▶ _Activity_
Quote exactly the lines from the one with "Bougie parfumée WoodWick" to the end of the data, both included; omit the pictures.

▶ _Supplied information_
────────────────────────────────────────

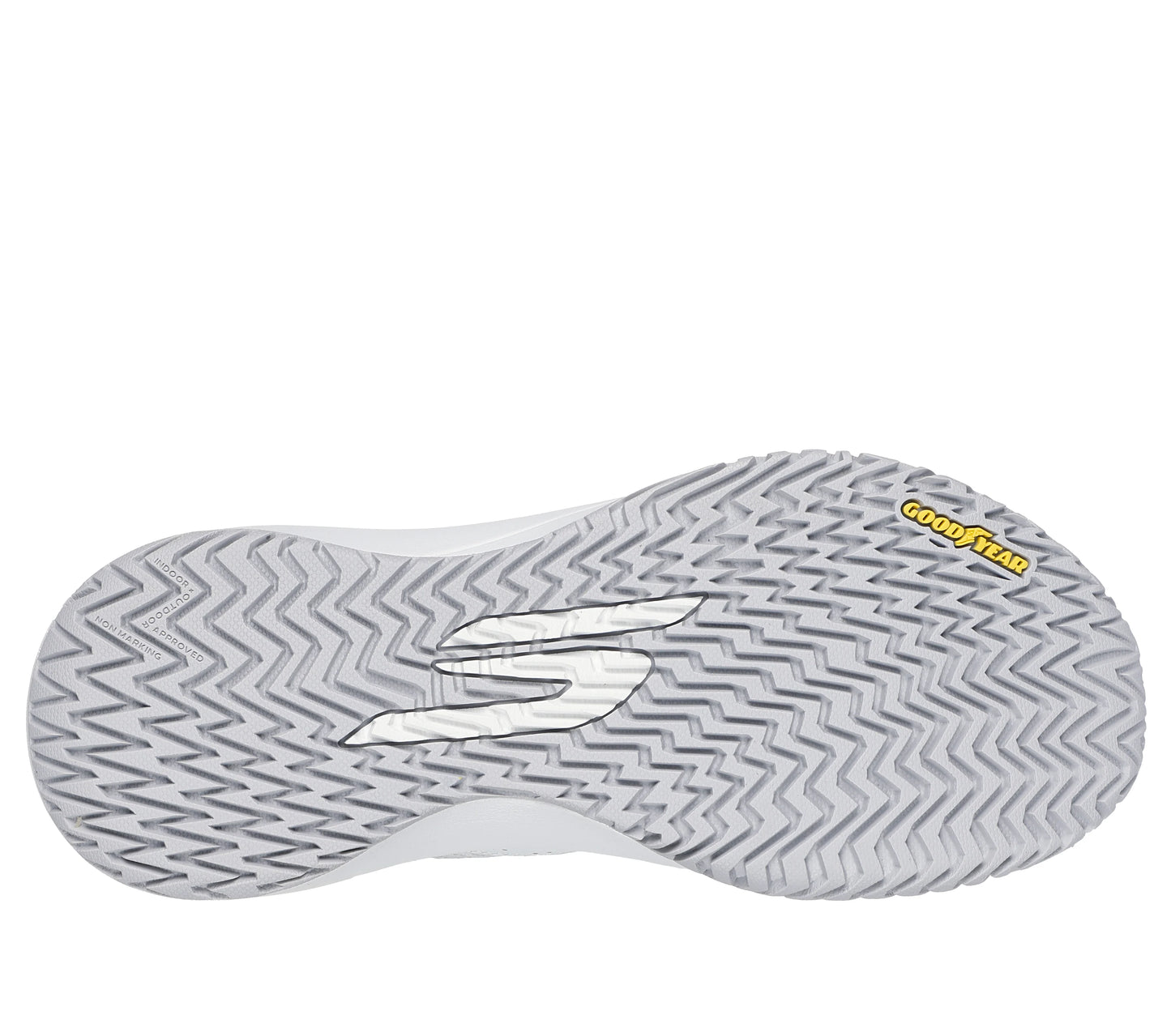 Skechers Women's Viper Court Rally Pickleball Shoes -White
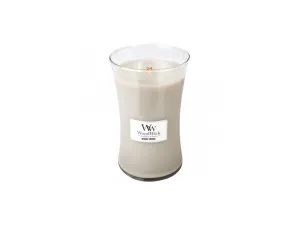 Bougie parfumée WoodWick Wood Smoke avec mèche en bois 609,5 g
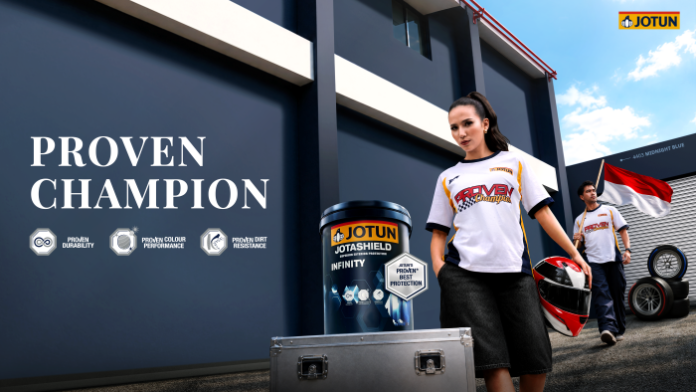 JOTUN Angkat Semangat Proven Champion di Momentum Kemerdekaan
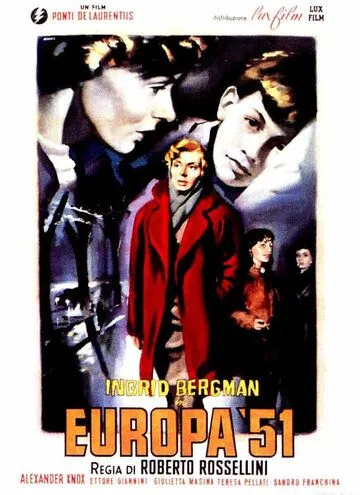 Постер: Европа 51 / Europa (1991)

────────────────────────────────────────

▶ _Response to this exercise_
 Bougie parfumée WoodWick Wood Smoke avec mèche en bois 609,5 g
 JOTUN Angkat Semangat Proven Champion di Momentum Kemerdekaan
 Постер: Европа 51 / Europa (1991)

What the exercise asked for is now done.